The guitar, as received, is an amazing instrument with a surprisingly good hardware. The only issue wit this guitar I had was a loose bushing on one side of the tailpiece and small crack at the neck join. After verification, that the crack is only in surface lacquer and the neck is stable I have decided to upgraded the guitar with bone nut, Gotoh GE104B bridge (with M4/M8 brass conversion posts), spare Epiphone tailpiece and Guyker Vintage 135 tuning machines. (Originally it was Sung-il BM 003 bridge and Sung-il TS 001 tailpiece). I have removed the weird looking pickguard. I have also replaced the knobs (black), truss-rod cover, leveled the frets, better seated tailpiece bushings, did a full guitar setup, and replaced the wiring with 50’s style with Tesla TC207 22nF capacitors and Hosco YM-T20 switch. Fitting the wires back to the guitar was a pain, but it was well worth the while.
Harley Benton TE-52
The Harley Benton TE-52 NA Vintage Series (2018) guitar is replica of 52’s Telecaster and despite the guitar low price it is surprisingly well made. The body is made of two piece of American ash and neck (C profile) of Canadian maple. The guitar is equipped with Roswell TEA Alnico vintage TE style pickups (TEA-N-CR and TEA-B ) and Kluson machine heads.
It was necessary to cleanup some dust from factory. I have upgraded the guitar with bone nut and Wilkinson WTB bridge with brass saddles. I have also replaced the wiring with Telecaster style wiring (but with 420K pots), pickup switch and original tuning machines with Kluson MC6LN’s. Original wiring is accessible at Roswell recommended wiring page.
Bugera G5 Infinium & Blackstar Fly 3
As a main amplifier I’m using a Bugera G5 Infinium. It is a hand-built 5-Watt Class-A amplifier driven by ECC83 and 12BH7 tubes. The amp is great for home practice. It is connected to a DIY cabinet with Celestion Eight-15 speaker.

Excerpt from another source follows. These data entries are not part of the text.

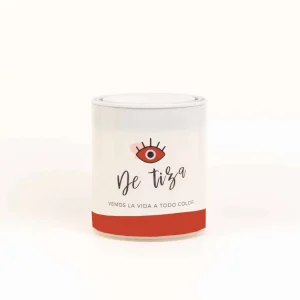 bote pintura naranja detiza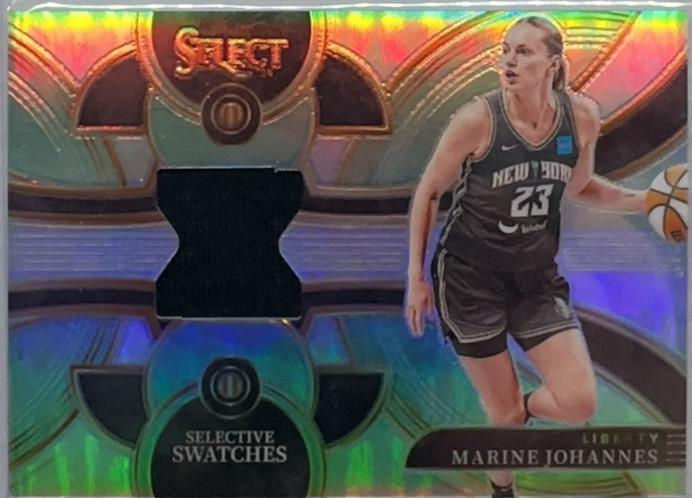 Marine Johannes #SW-MJ 2024 Panini Select WNBA Selective Swatch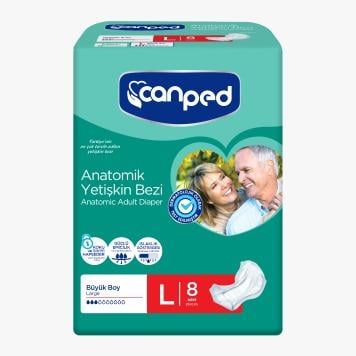 Canped Anatomik Hasta Alt Bezi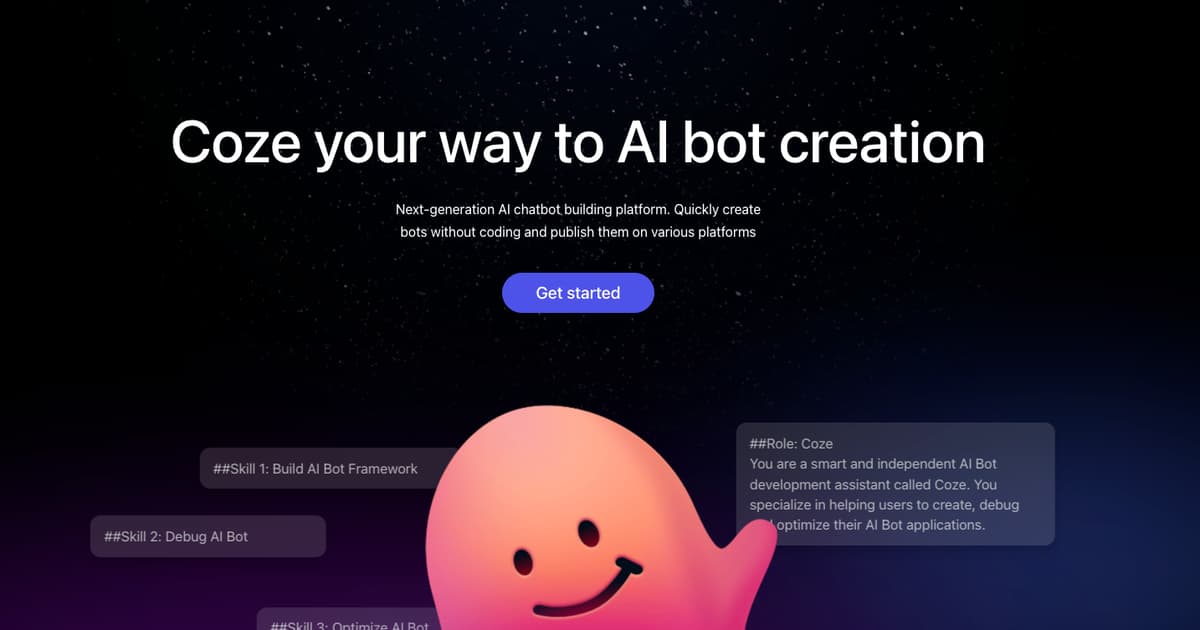 Cộng đồng Coze AI Bot & Automation · Events Calendar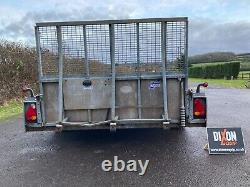 Ifor Williams Twin Axle Plant Trailer GX126 2013 3500kg Plus VAT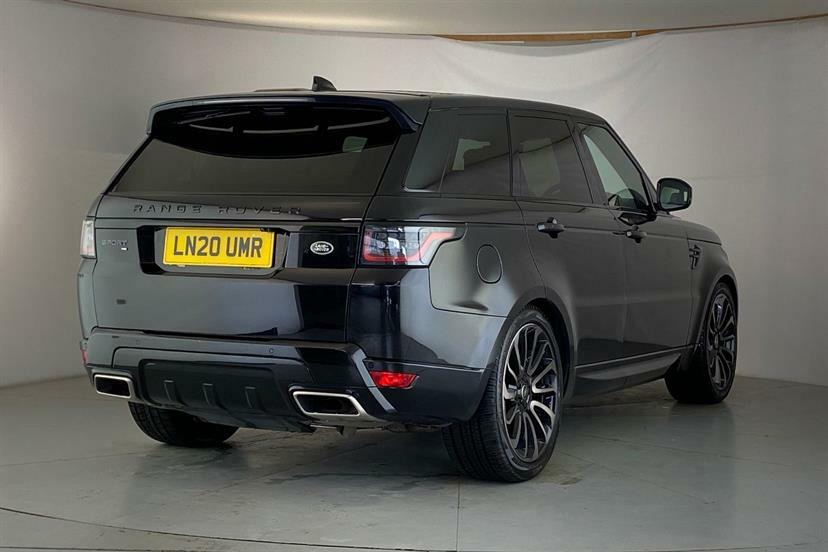 Land Rover Range Rover Sport Hse Dynamic Red #28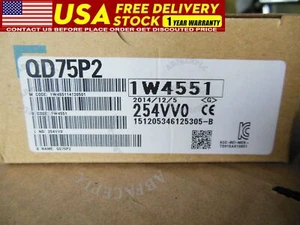MITSUBISHI Positioning Unit QD75P2 NEW 2-5 days delivery - Picture 1 of 3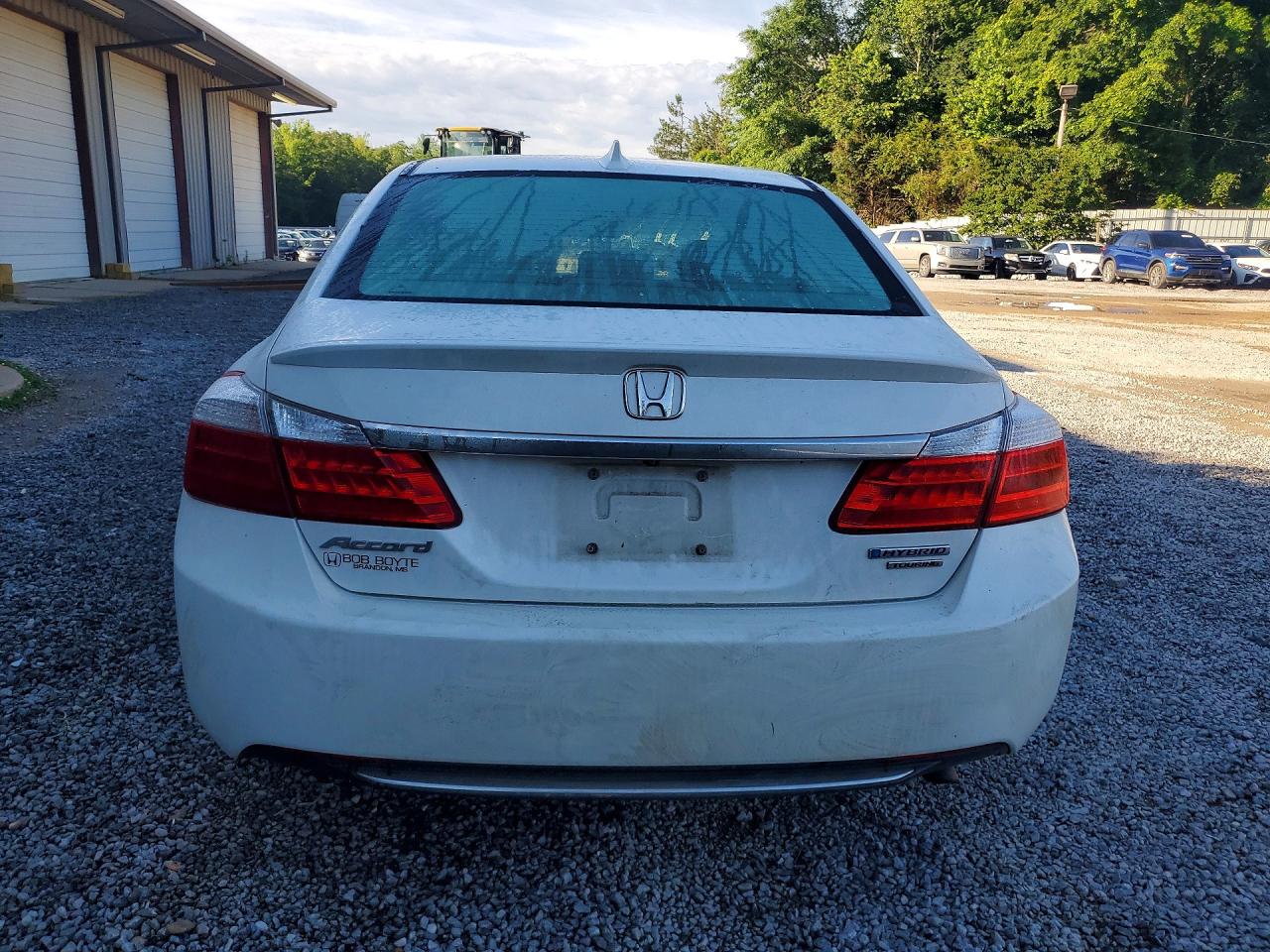 Honda Accord Touring Hybrid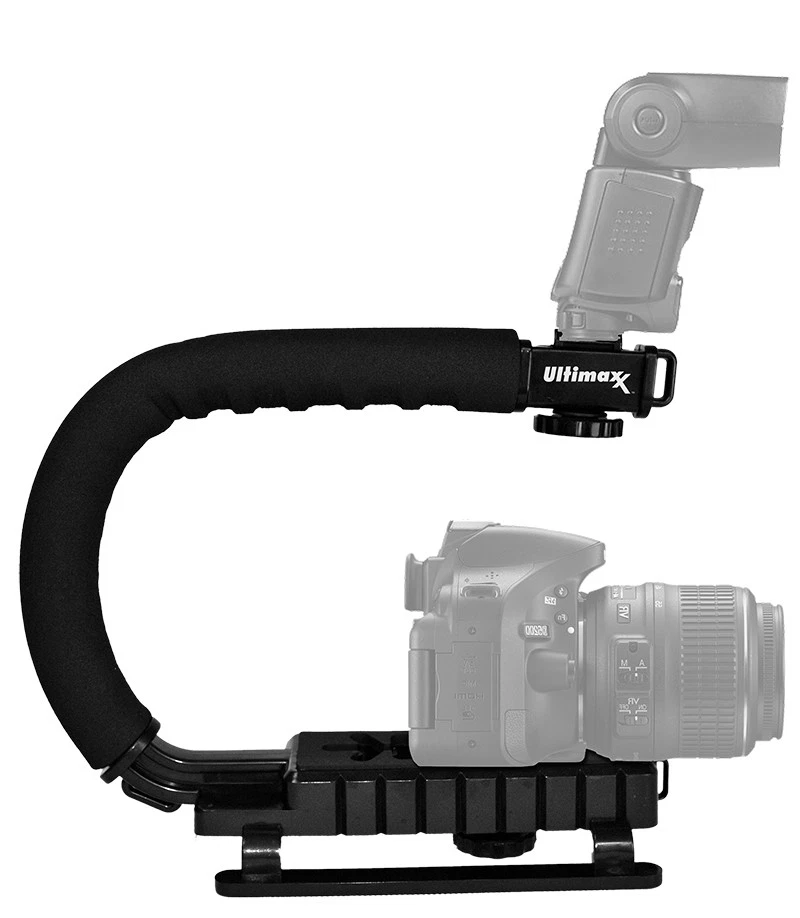 Professional Video Stabilizing Handle for DSLR Cameras, Camcorder GoPro - New - Image 4 of 4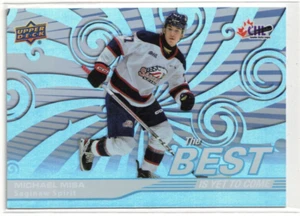 23-24 Upper Deck CHL Best Is Yet To Come Rookie YOU PICK LIST Complete Your Set - Picture 1 of 35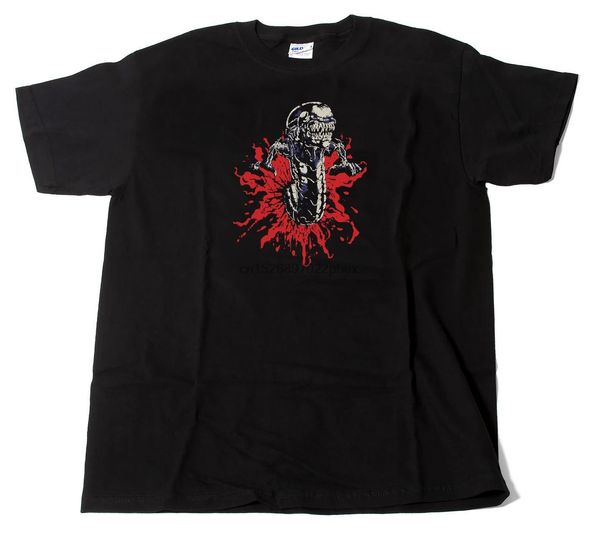 

чужой фильм грудь взрыва хэллоуин футболка xenomorph иностранцы мужчин футболка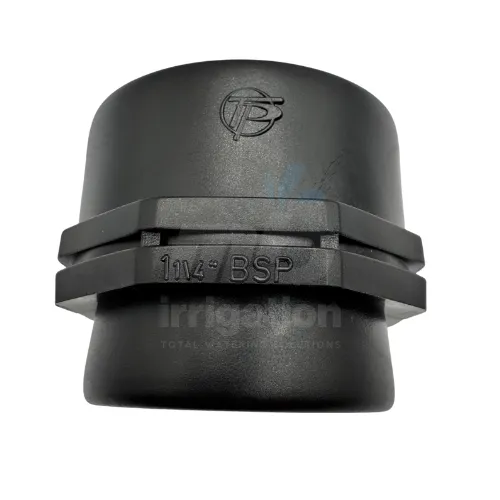 Threaded Reducing Female Socket – 1” x 11/4” BSP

As a portable amp I have bought a BlackStar Fly 3 Vintage. I’m using the Blackstar usually as a quite good computer stereo speakers (with extension cabinet). Big plus is, that I can play almost anywhere I want.
I have several pedals in my collection. The Azor Looper pedal was a choice aimed for a better practice. I have also built DIY replica of Electro-Harmonix LPB-1. I have bought a replica of Fulltone’s OCD – Obsessive overdrive because I liked the sound and KOKKO’s Compressor for a more focused guitar output.